REQUIRED ACTION: Pictures should not appear in the copy; the records themselves must be written out exactly.

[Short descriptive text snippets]
*** Begin section ***

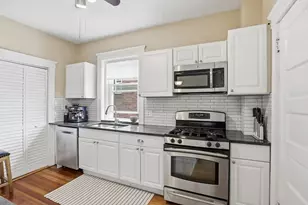 1896 Beacon St, Brookline, MA 02445 - Photo 15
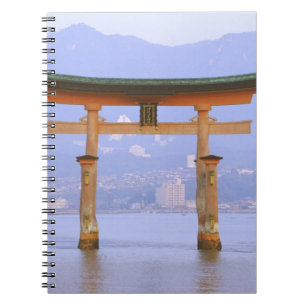 Cuaderno Asia, Japón, Hiroshima. Mivaiima. Puerta Torii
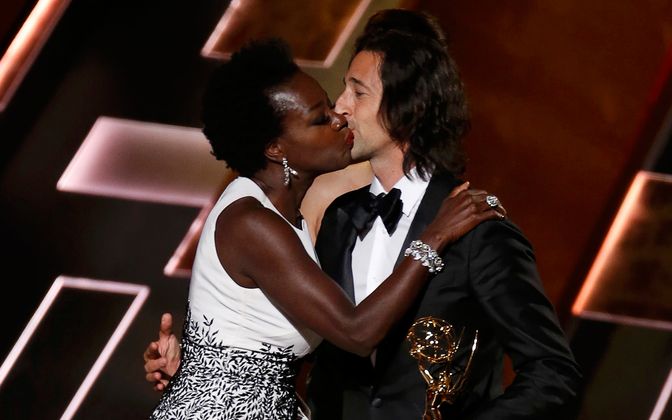 Ein Kuss für Laudator Andrien Brody von Viola Davis, die als erste Schwarze den Emmy als Beste Drama-Hauptdarstellerin erhielt.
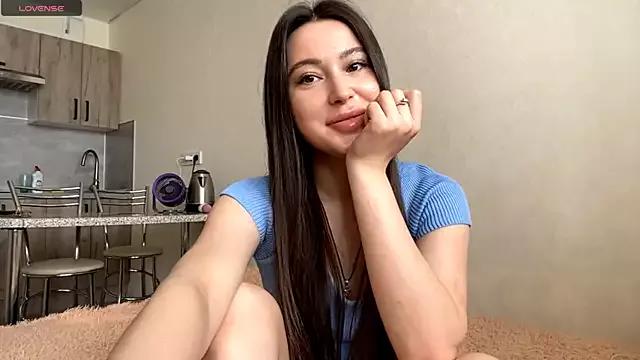 Discover our girls online shows and discover the company of countless livestreamers, with stunning shapes, sex toys and more.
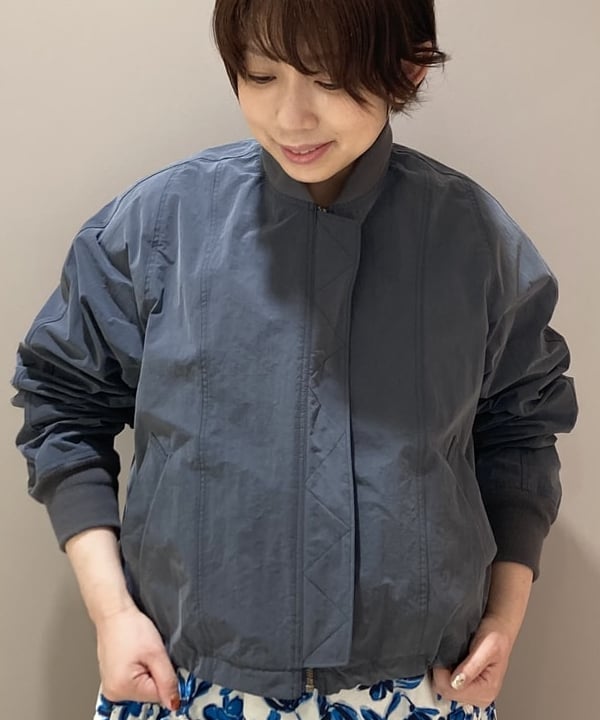 塚越 有紀さんの「BEAMS WOMEN｜MARCO MASI / シュリンク バケツ ショルダーバッグ」を使ったコーディネート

*** End section ***

THE ANSWER:
 1896 Beacon St, Brookline, MA 02445 - Photo 15
 Cuaderno Asia, Japón, Hiroshima. Mivaiima. Puerta Torii
 Ein Kuss für Laudator Andrien Brody von Viola Davis, die als erste Schwarze den Emmy als Beste Drama-Hauptdarstellerin erhielt.
 Discover our girls online shows and discover the company of countless livestreamers, with stunning shapes, sex toys and more.
 塚越 有紀さんの「BEAMS WOMEN｜MARCO MASI / シュリンク バケツ ショルダーバッグ」を使ったコーディネート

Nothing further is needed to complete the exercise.